C’est l’éternel, et fécond, dilemme, des arts visuels lorsqu’ils se confrontent à l’intime. Les mots excavent, déplient les replis de la psyché, épousent ses flux et ses méandres – bref, miment les courants de la subjectivité. Les images, elles, sont contraintes, par destination et nature, de montrer. D’exposer. En somme, pour employer un terme barbare, d’« objectifier ». De convertir, dans le monde du concret, des perceptions et des sens, ce qui relève de l’univers intérieur : vague, capricieux, mal saisissable. Mise en scène et théâtralisation de soi façon Sophie Calle ; galerie de portraits qui circonscrivent un milieu comme un biotope personnel dans la mouvance de Nan Goldin : tous les choix, tous les protocoles esthétiques sont mis à contribution pour incarner ce qui se dérobe avec tant d’obstination.
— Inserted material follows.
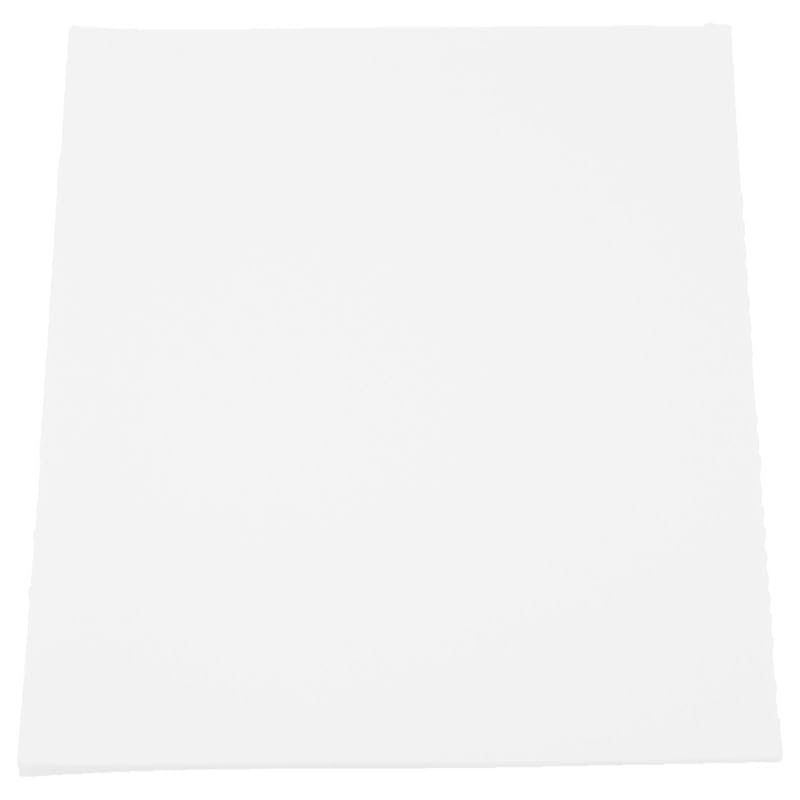 Craft Felt Sheets 50 cm x 37.5 cm 3mm Polyester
Guillaume Pilet, jeune Suisse, déjà couronné d’une impressionnante kyrielle de prix, poursuit cet arpentage de la limite qui sépare le subjectif de l’objectif, la nature foncièrement privée de l’intime et la dimension essentiellement publique de l’art.
My Life as a Parade, c’est une succession de dessins, au trait délibérément enfantin, comme autant de vignettes épinglées chacune à un instant de la vie du plasticien. Gaucherie assumée du trait, qui évoque moins l’art brut que des feuilles qu’on imagine arrachées à des cahiers de la petite école ; titres de chaque dessin, qui usent sans détour de la première personne (« On my birth announcement card, my father pictured the whole family as balloons »)… D’emblée, le domaine est circonscrit. Non pas l’art, au sens d’une pratique qui serait le fruit d’un apprentissage, le produit d’une technique et la quête d’une forme parfaite. Mais l’art qu’on appellerait volontiers « gribouillage », sans rien de péjoratif : l’équivalent, sur les cimaises, de ce qui ne se fait que pour soi, à titre privé, comme lorsqu’on est gamin, sans cette mise en forme, cet affinement et ce raffinement plastiques que suppose la conscience d’un oeil extérieur, celui du visiteur de l’exposition.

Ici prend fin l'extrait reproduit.